*** Begin section ***

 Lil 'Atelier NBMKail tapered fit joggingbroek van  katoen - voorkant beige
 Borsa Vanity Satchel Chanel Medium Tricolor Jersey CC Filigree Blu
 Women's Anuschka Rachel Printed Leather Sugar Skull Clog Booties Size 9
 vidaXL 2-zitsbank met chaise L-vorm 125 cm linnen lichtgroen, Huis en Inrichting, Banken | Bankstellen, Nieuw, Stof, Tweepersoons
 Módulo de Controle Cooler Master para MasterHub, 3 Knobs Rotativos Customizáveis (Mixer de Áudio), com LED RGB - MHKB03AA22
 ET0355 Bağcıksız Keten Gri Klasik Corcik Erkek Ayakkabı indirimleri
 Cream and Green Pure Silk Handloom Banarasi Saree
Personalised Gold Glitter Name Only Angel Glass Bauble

*** End section ***
*** Begin section ***

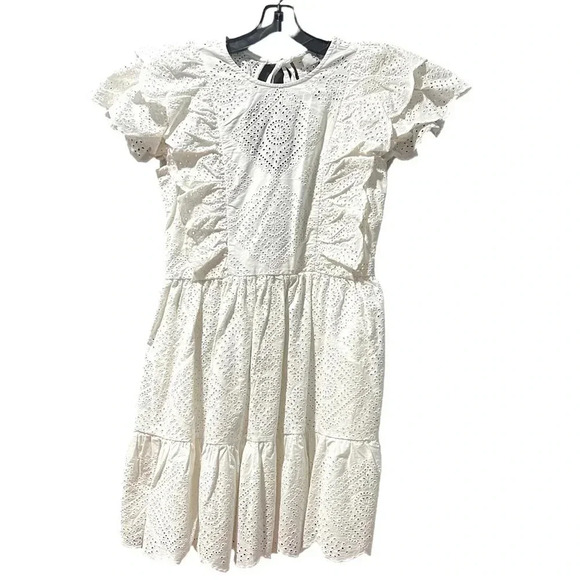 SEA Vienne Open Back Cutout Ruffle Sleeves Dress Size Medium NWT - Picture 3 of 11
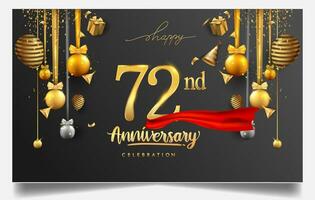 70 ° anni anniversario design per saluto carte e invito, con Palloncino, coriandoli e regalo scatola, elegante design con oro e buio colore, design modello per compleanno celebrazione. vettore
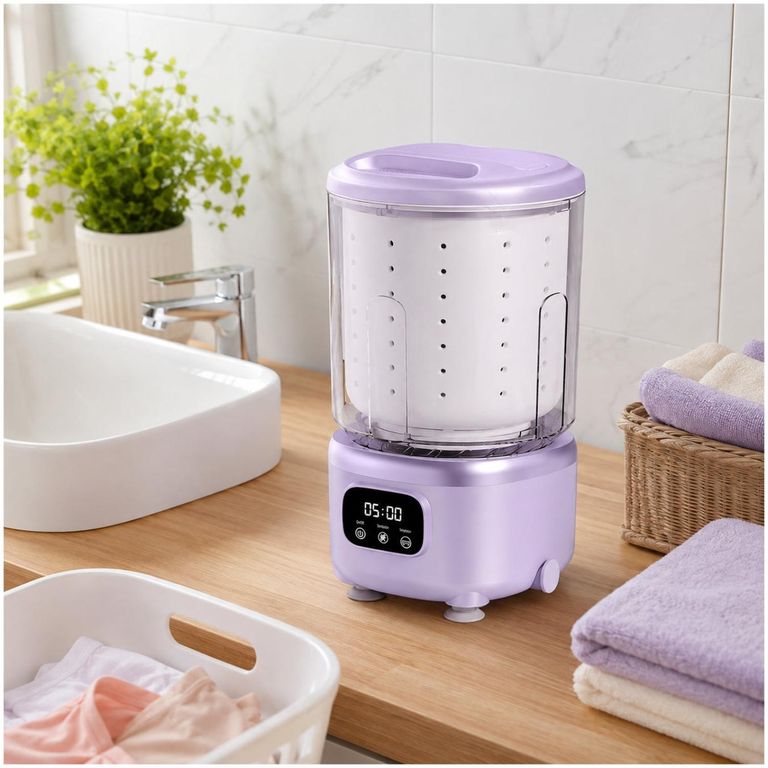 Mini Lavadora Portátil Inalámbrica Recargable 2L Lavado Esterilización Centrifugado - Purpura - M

*** End section ***

Exercise objective = Begin with the line above that has "Lil 'Atelier NBMKail" and continue through the line that has "Módulo de Controle", setting each one down exactly. Stop there.

Expected output =
 Lil 'Atelier NBMKail tapered fit joggingbroek van  katoen - voorkant beige
 Borsa Vanity Satchel Chanel Medium Tricolor Jersey CC Filigree Blu
 Women's Anuschka Rachel Printed Leather Sugar Skull Clog Booties Size 9
 vidaXL 2-zitsbank met chaise L-vorm 125 cm linnen lichtgroen, Huis en Inrichting, Banken | Bankstellen, Nieuw, Stof, Tweepersoons
 Módulo de Controle Cooler Master para MasterHub, 3 Knobs Rotativos Customizáveis (Mixer de Áudio), com LED RGB - MHKB03AA22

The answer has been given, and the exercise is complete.